11th Mar2015

‘World War X: Vol. 1’ Review

by Nicky Johnson

Written by Jerry Frissen | Art by Peter Snejbjerg | Published by Titan Comics | Format: Hardback, 56pp


Adesh Khan is an anthropologist working on the top secret Project IX, a project that aims to reconnect ancient stone blocks in a circle as they were 4 billion years ago. However, when someone else on the project alerts him to warnings of an alien threat that appear to be etched on one of the blocks and fearing the worst, Adesh tries to let the President know as well as try to reach his estranged wife, Tara, working on one of the other blocks. Elsewhere, a mysterious and wealthy man known only as Helios has assembled a combat team ready to fight an enemy he’s fought throughout the ages.

I’ll be blunt. World War X is as cookie cutter as the title. As always, that’s not to say it’s bad; Avengers was a cookie cutter comic book family action film, but damn did it shine. But if you’re looking for something that really stands out amongst the crowd, this isn’t it.

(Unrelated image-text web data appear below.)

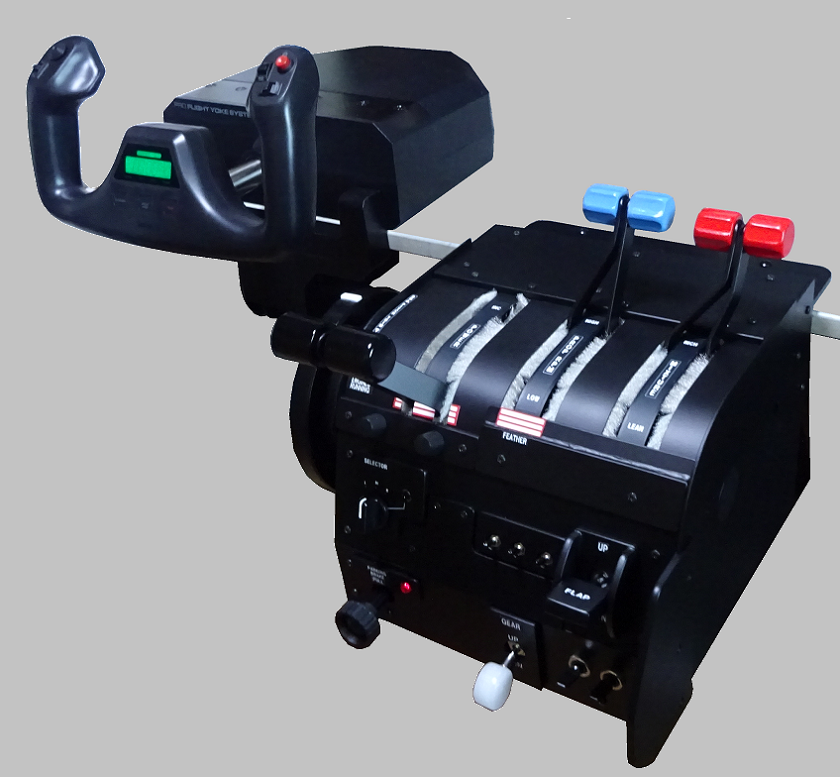 MSFS2020専用双発プロペラ2スロットルコントローラー – Saitek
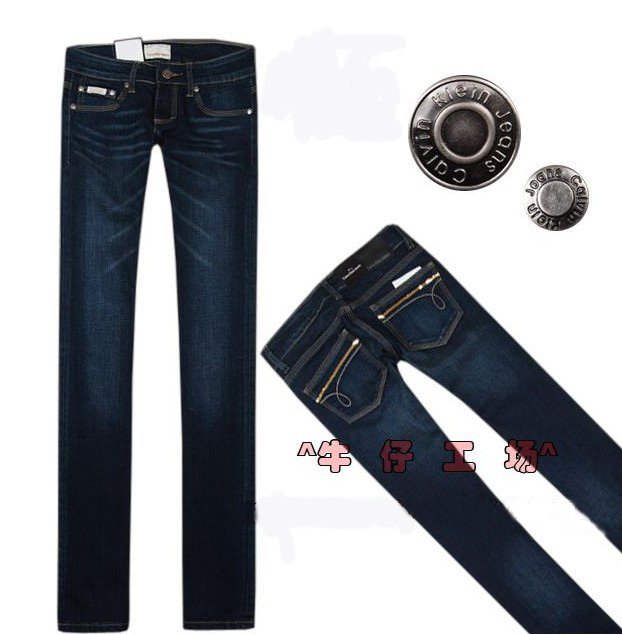 2012 Fashion Vintage Wash Women's Jeans ,Casual Denim cotton Ladies'Straight Jeans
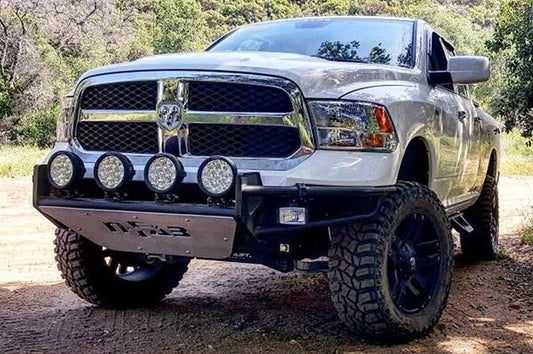 N-Fab D094RSP Front Bumper Dodge Ram 1500 2009-2017 Pre-Runner Gloss Black RSP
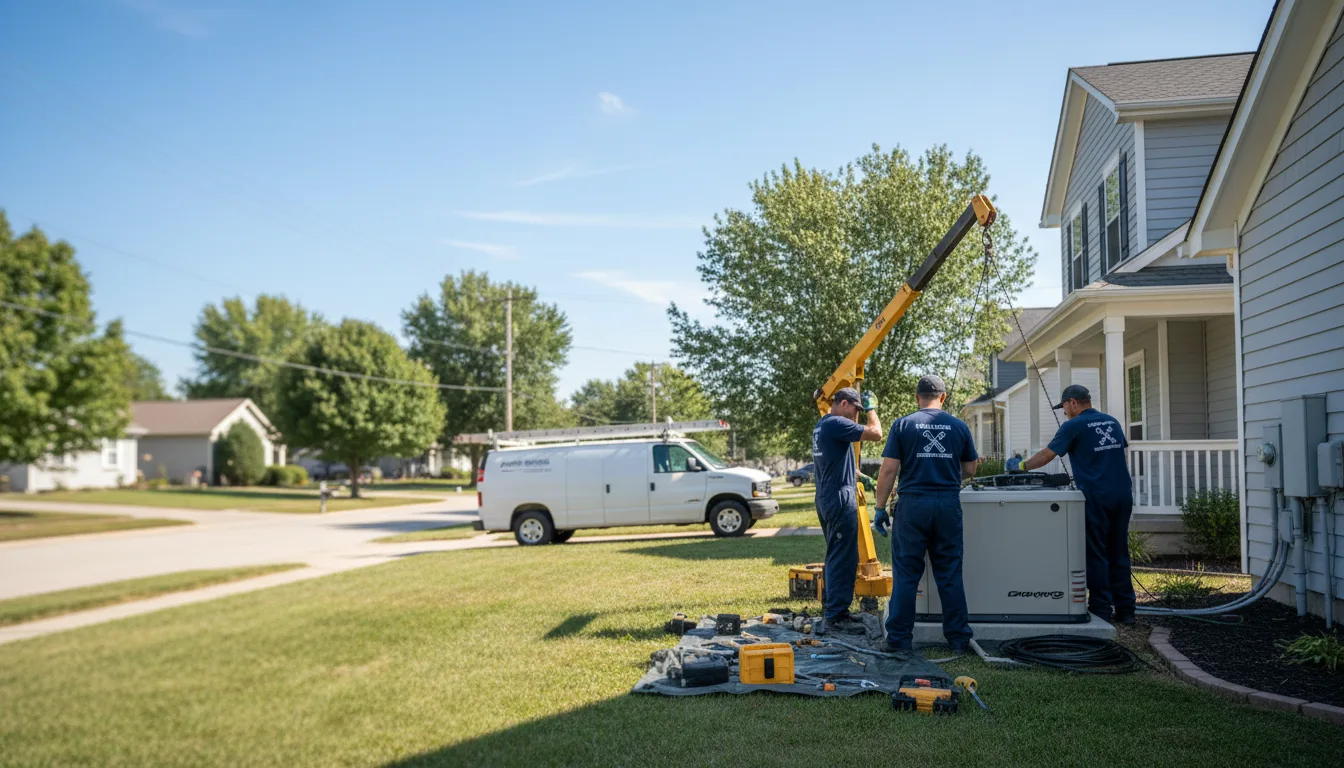 Generator Installation in Niota, IL near me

World War X is your typical tale of bad guys are aliens that have been on the Earth for billions of years (War of the Worlds), that have warnings of sketched on ancient sarcophagi (Alien vs Predator), that the government are researching for their own means (Stargate). Adesh, a member of the research team going through love troubles with his soon to be ex-wife (too many films to list) tries to flag it up but is ignored (see previous) and we have the Keanu Reeves imperfect saviour.

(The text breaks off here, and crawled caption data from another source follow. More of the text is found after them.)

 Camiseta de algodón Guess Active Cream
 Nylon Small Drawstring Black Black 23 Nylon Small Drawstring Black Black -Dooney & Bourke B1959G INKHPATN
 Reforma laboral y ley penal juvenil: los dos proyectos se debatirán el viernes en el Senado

This is my one and only complaint about World War X: nothing stands out to me and raises this above the rest. If I were looking for new comics to ad to my pre-orders, I’d pass over this after a flick through. The art is good, the writing is good, concept is solid, crazy characters are crazy, good characters are good, but none of it makes me go ‘I wonder what happens next?’ like Saga does, or The Wicked and the Divine (and that artwork is truly divine).

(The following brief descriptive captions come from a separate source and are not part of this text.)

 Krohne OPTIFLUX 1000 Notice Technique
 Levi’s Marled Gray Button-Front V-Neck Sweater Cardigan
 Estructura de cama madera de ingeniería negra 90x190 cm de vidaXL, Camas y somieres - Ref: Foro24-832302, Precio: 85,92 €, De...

Naturally there are some questions left hanging otherwise this wouldn’t be worth writing about, and maybe I’m simply being too judgemental here. Maybe I’m spoilt by the titles I read and am recommended, and hell if you asked me should you read it I’d say ‘yeah, give World War X a go, it is well worth a read’. However, if you asked me if you should buy it, I’d be a little more hesitant.

World War X: Vol. 1 is out now from Titan Comics.